The Chairman of the National Development Planning Commission (NDPC), Dr Nii Moi Thompson, has proposed a major shift in Ghana’s economic measurement framework toward what he calls a “Three‑Dimensional (3D) Growth” model.
Speaking at the IYA Business Roundtable 2026 in Accra, Dr Thompson argued that Ghana’s long‑standing reliance on GDP as the primary indicator of progress is outdated, as it fails to capture job creation, wage growth and real improvements in citizens’ welfare.
Under the proposed 3D Growth model, economic performance would be assessed across three equal dimensions:
- GDP Growth – measuring expansion in national output.
- Employment Creation – assessing how growth generates decent, sustainable jobs.
- Wage Growth – evaluating whether incomes and earnings are rising for workers.
“Growth without jobs is meaningless. Growth without rising incomes is unsustainable,” he stressed.
Why 3D Growth Matters
Dr Thompson warned that without adopting this approach, Ghana risks pursuing growth that is disconnected from the lived realities of ordinary citizens—especially the thousands of young people entering the labour market each year.
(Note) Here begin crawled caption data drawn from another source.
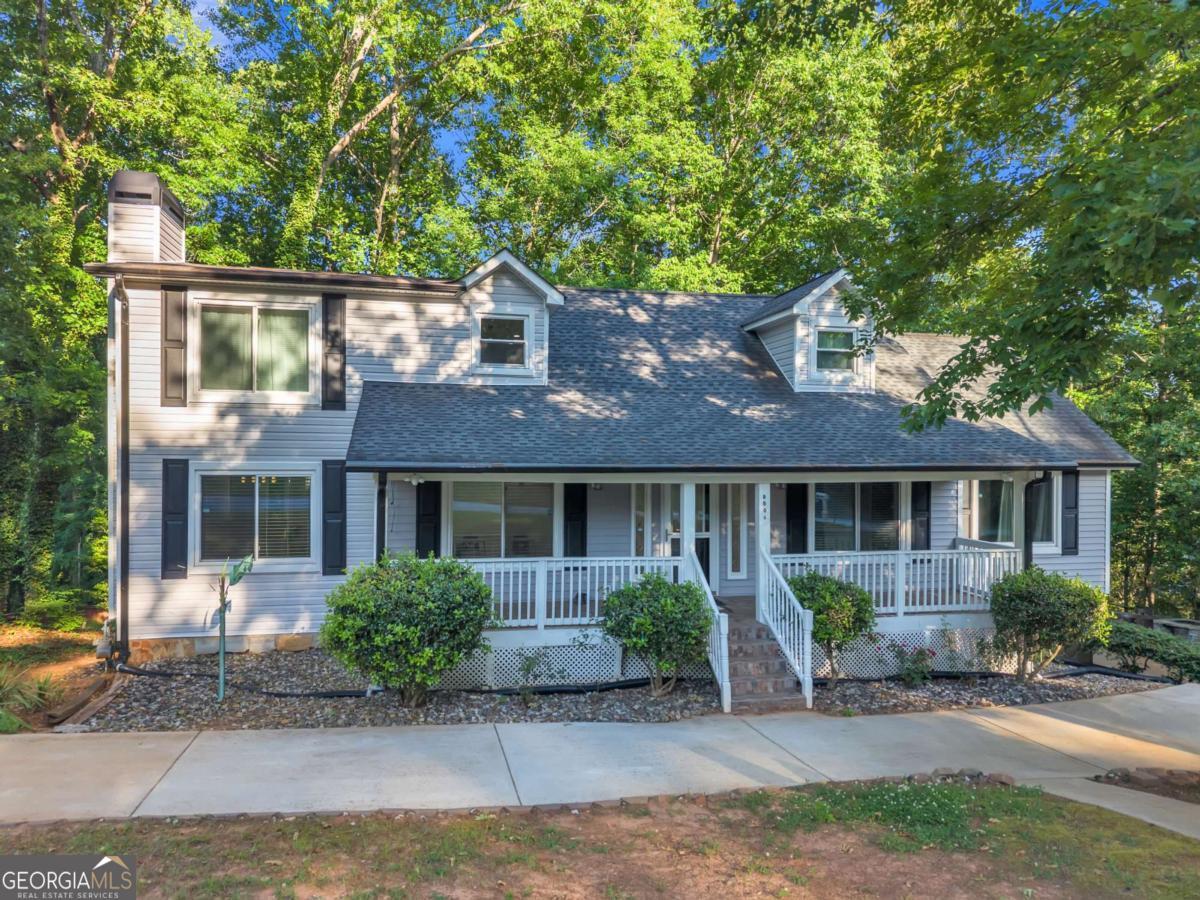 8804 Willow Creek Court Property Photo 1
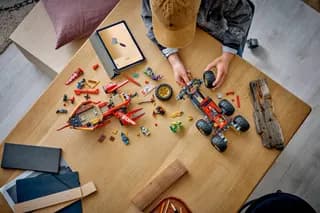 Land-Bounty LEGO-set afbeelding 6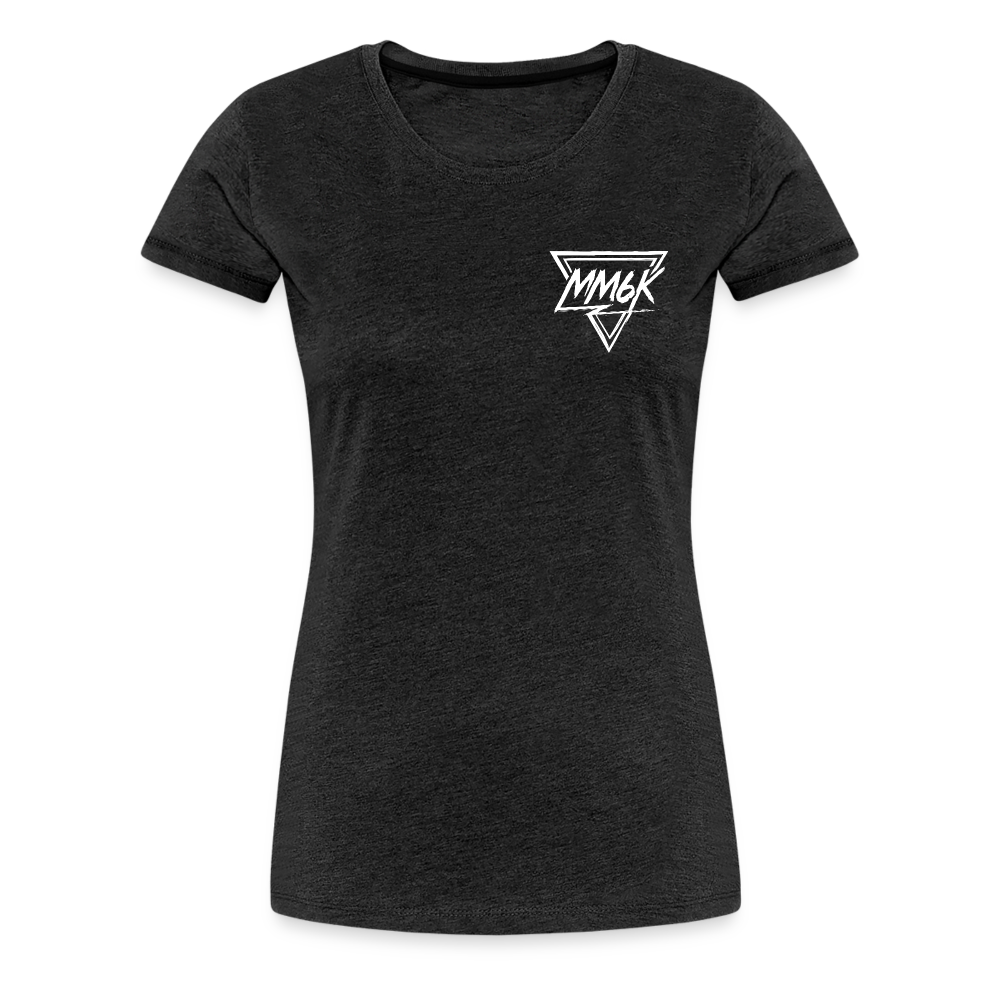 Tonight I Dine On Turtle Soup - Women’s Premium T-Shirt - charcoal grey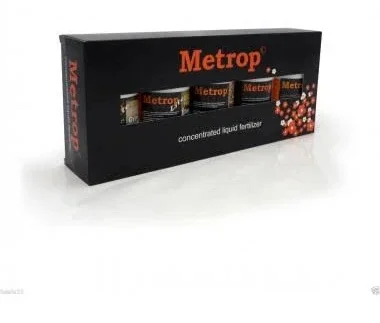 Metrop Starterkit, 5 x 250ml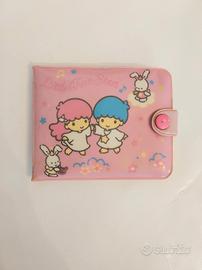 Portafoglio vintage Sarnio Little Twin Stars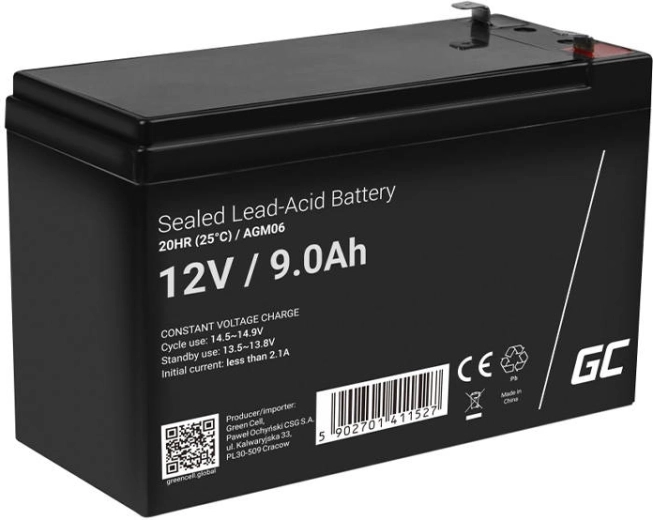 Performance universelle pour UPS et systèmes de sécurité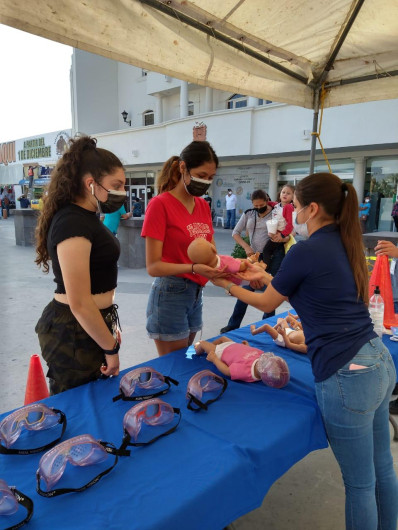 Ayuntamiento y DIF Reynosa continúan con la campaña de Prevención Social en la Juventud 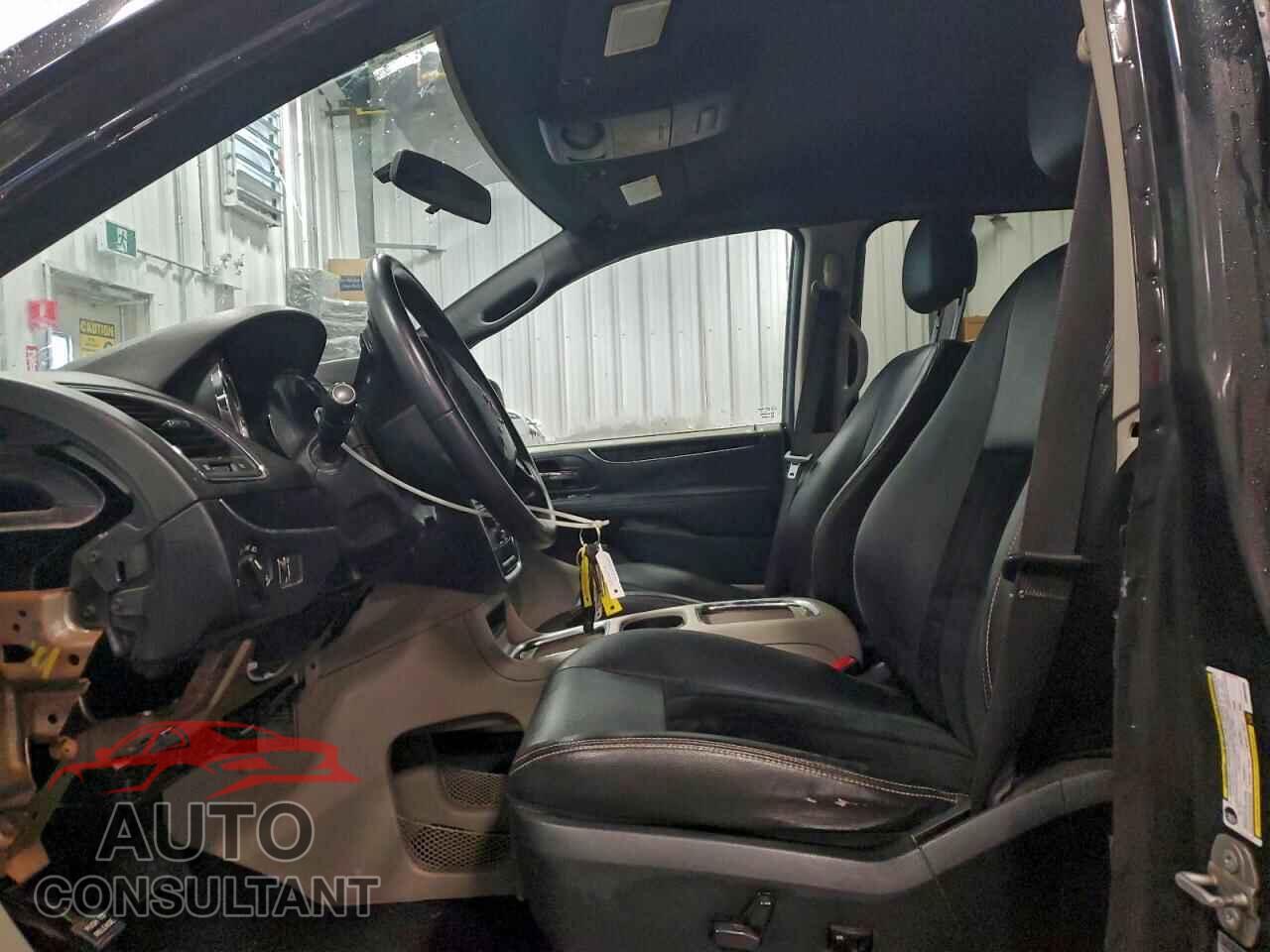 DODGE CARAVAN 2017 - 2C4RDGBGXHR845969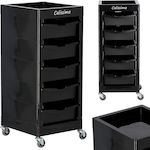 Calissimo Hair Salon Maintenance Cart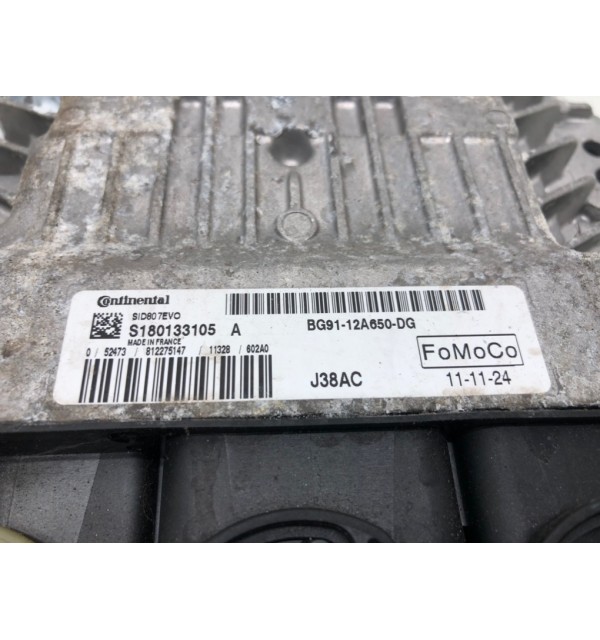 Блок управления двигателем бу для Ford Mondeo 4 1.6 TDCi,  2012 г.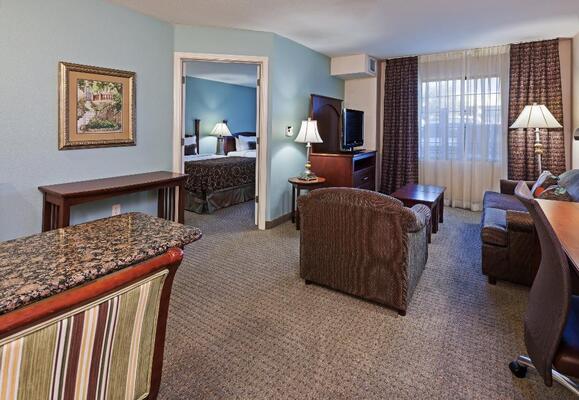 Staybridge Suites NW Near Six Flags Fiesta , an IHG hotel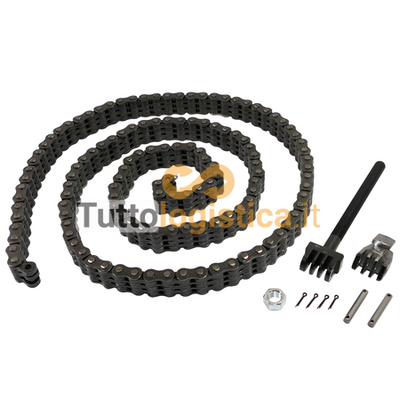 Catena a Fogli TotalSource per Carrelli Elevatori STILL | 255/55234704216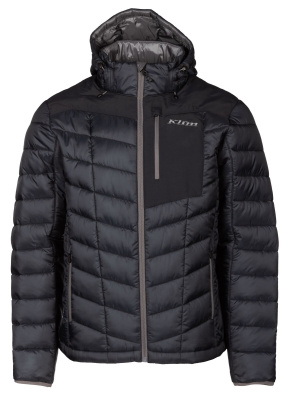 Куртка/Klim/TORQUE/Black - Castlerock/M/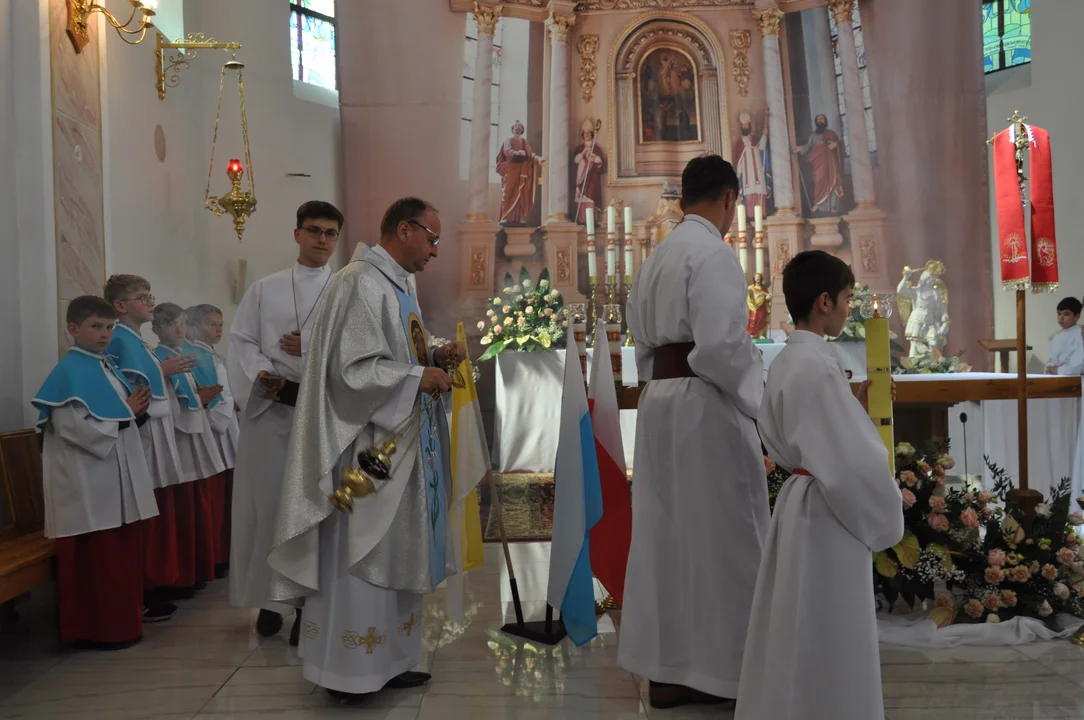 Radomyśl Wielki świętuje 3 Maja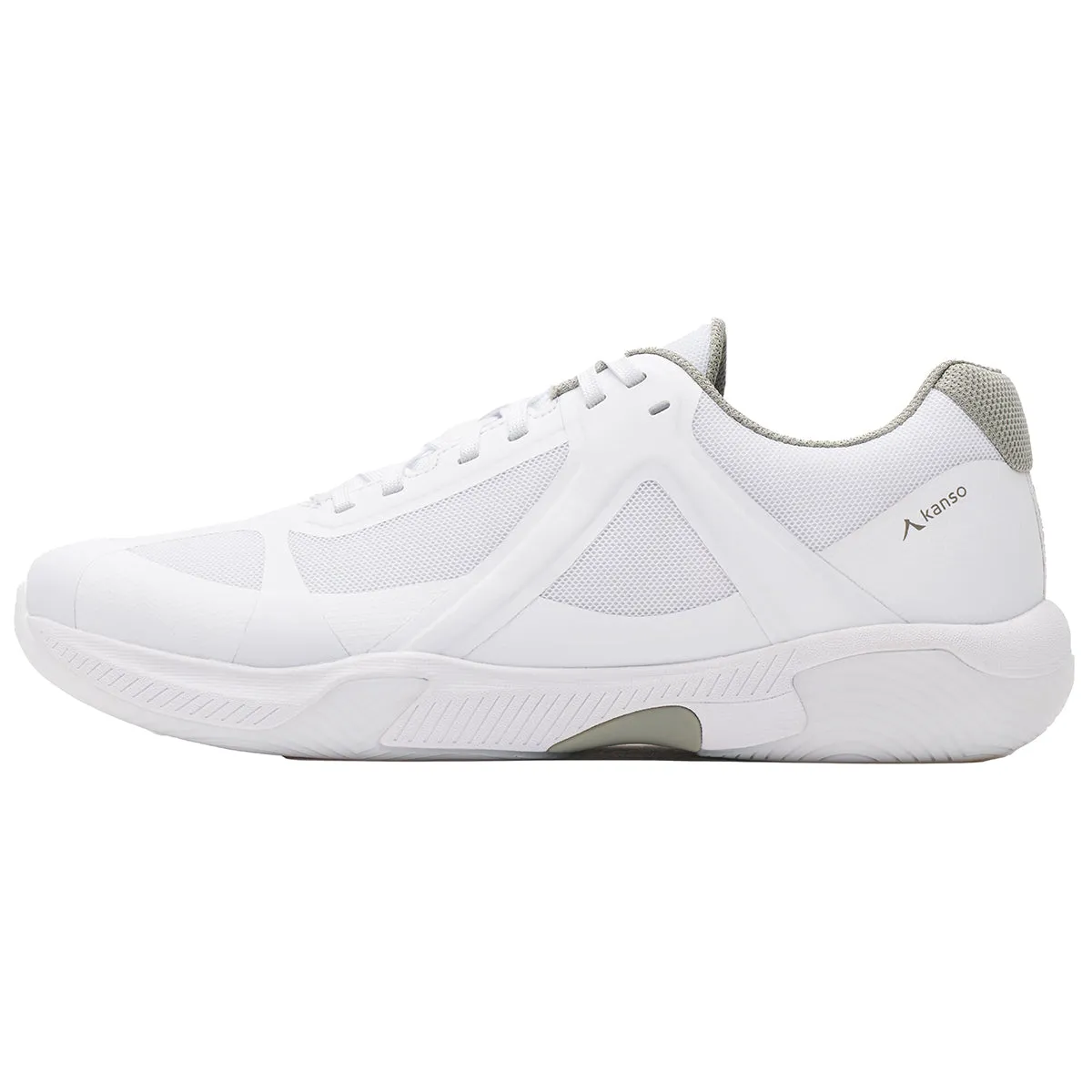Kanso DragonFly Indoor Court Shoes White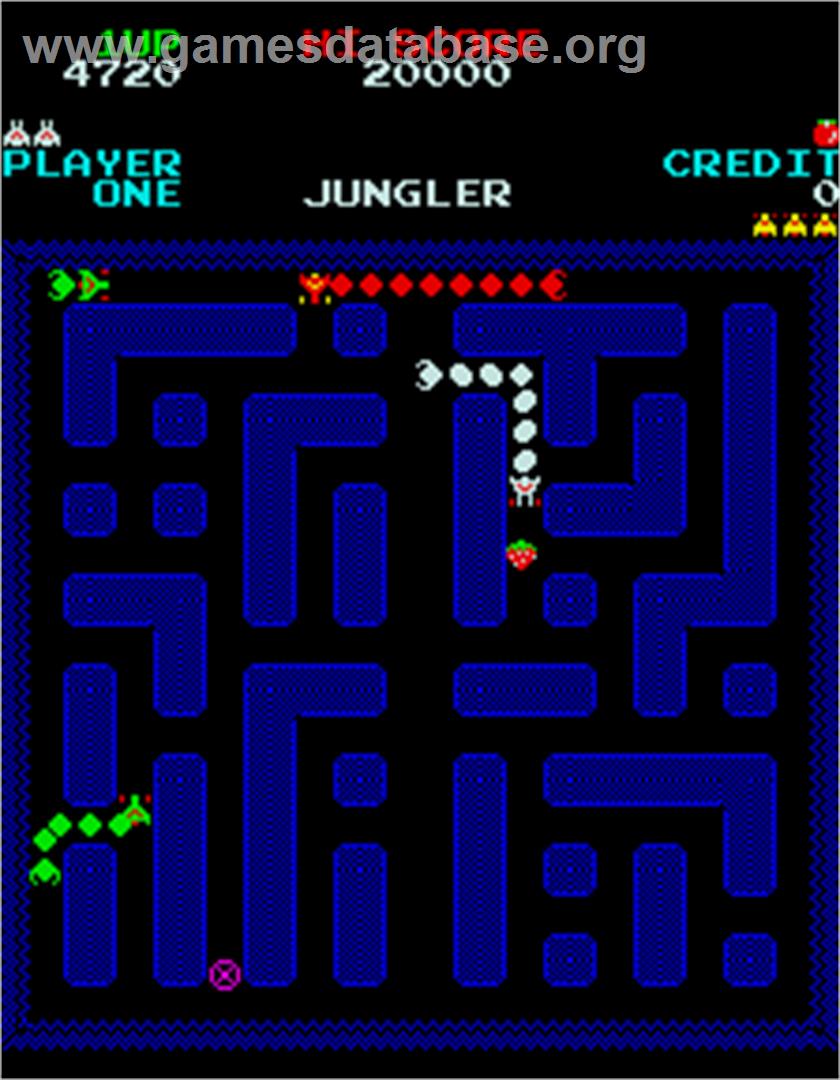 Jungler - Arcade - Artwork - In Game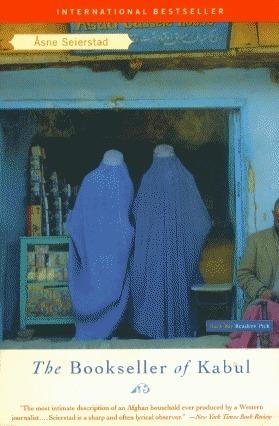 The Bookseller of Kabul free audiobook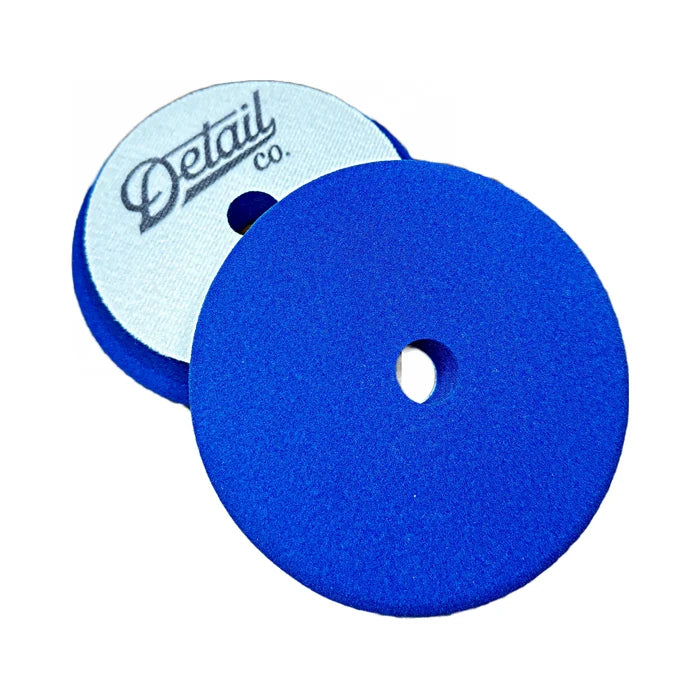 Detail Co. | Heavy Polishing/One Step Blueberry Pad 3", 5", 6"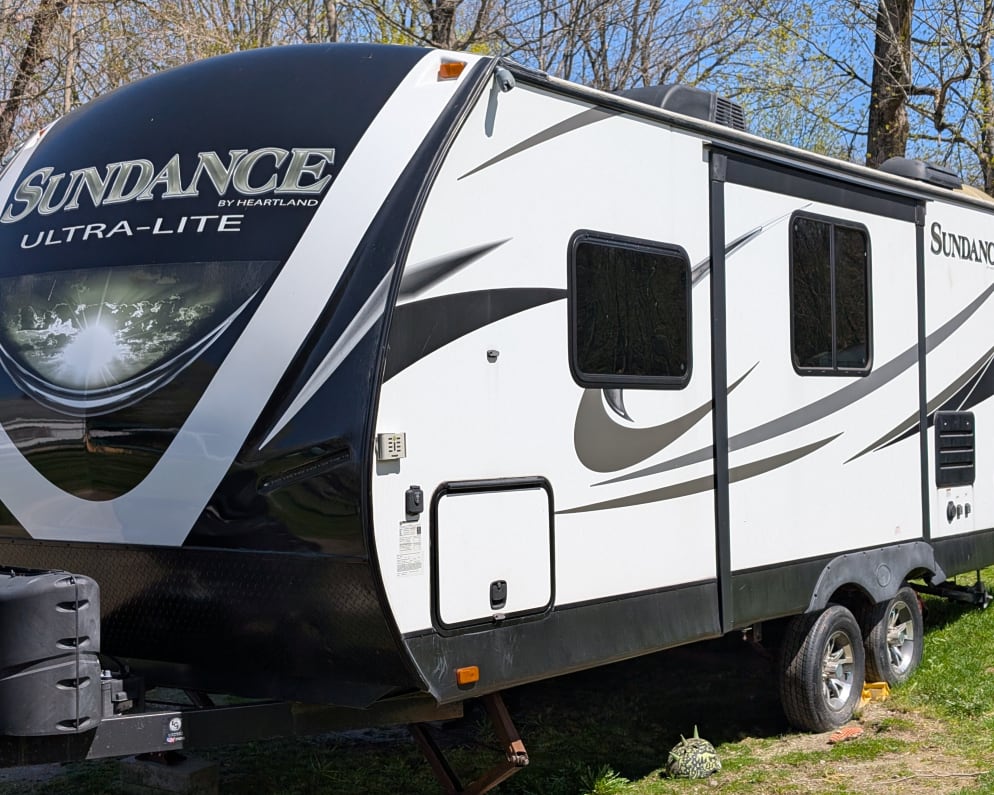 2019 Heartland RVs Sundance available for rent in Verona Island Maine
He highlighted structural weaknesses in the economy, noting that although 92% of businesses operate in the informal sector and account for 80% of employment, they contribute only 27% to GDP.
Achieving 3D Growth, he said, will require a strong focus on productivity, formalisation and value addition across all sectors.
He added that infrastructure investments must be evaluated not just by physical delivery, but by their impact on jobs, efficiency and long‑term productivity.
Institutional Weaknesses Still a Barrier
Beyond measurement, Dr Thompson pointed to persistent gaps in policy execution, warning that Ghana’s development has been undermined by poor coordination between planning and implementation.
He called for stronger alignment between national development plans and budget allocations, as well as improved accountability across public institutions.
“The country’s next phase of development must be guided by the principles of 3D Growth,” he said.
Yamson: Africa Must Stop Celebrating Potential
Also speaking at the event, Ishmael Yamson, CEO of Ishmael Yamson and Associates, urged Africa to move beyond the “Africa Rising” narrative and commit to aggressive execution and wealth retention.
“Potential without aggressive execution is simply prolonged failure,” he said, arguing that Africa’s growth model remains overly extractive.
He criticised the reliance on GDP as a measure of progress, noting that extractive activities often inflate GDP figures without retaining value on the continent.
“When foreign conglomerates extract lithium from our soil and repatriate the profits offshore, our GDP rises and we celebrate—yet little value remains within our economies,” he said.
Mr Yamson called for deeper cross‑border collaboration under AfCFTA through joint ventures capable of building competitive African enterprises.